# Activity
Output exactly, please, the lines of the records below from the one containing "Стиральная машина ATLANT СМА 75С1214-01 Стиральная" through the final line.

──────────────────────────────

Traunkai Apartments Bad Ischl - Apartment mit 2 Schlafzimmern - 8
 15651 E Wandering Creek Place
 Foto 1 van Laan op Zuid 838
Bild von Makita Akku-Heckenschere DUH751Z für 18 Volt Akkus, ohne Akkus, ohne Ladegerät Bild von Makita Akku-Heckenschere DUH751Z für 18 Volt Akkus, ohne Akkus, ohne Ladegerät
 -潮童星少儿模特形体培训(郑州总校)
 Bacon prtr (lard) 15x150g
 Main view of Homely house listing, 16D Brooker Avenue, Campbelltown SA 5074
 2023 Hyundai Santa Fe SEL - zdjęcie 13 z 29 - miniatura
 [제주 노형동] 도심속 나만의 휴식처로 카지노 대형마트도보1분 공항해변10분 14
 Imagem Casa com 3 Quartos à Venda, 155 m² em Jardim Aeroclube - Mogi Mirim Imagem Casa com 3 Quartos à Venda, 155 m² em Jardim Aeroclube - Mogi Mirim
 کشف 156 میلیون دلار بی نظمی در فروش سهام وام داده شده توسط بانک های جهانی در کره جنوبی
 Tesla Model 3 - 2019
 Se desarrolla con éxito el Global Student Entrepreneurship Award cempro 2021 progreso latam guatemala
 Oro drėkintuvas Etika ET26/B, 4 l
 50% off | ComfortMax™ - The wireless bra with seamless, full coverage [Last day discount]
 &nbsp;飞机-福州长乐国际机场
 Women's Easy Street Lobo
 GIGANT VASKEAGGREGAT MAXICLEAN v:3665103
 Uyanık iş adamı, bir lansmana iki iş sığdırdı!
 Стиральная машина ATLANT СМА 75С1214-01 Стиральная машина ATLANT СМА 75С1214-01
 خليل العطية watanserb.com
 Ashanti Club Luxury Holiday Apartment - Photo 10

──────────────────────────────

# Result of this exercise
 Стиральная машина ATLANT СМА 75С1214-01 Стиральная машина ATLANT СМА 75С1214-01
 خليل العطية watanserb.com
 Ashanti Club Luxury Holiday Apartment - Photo 10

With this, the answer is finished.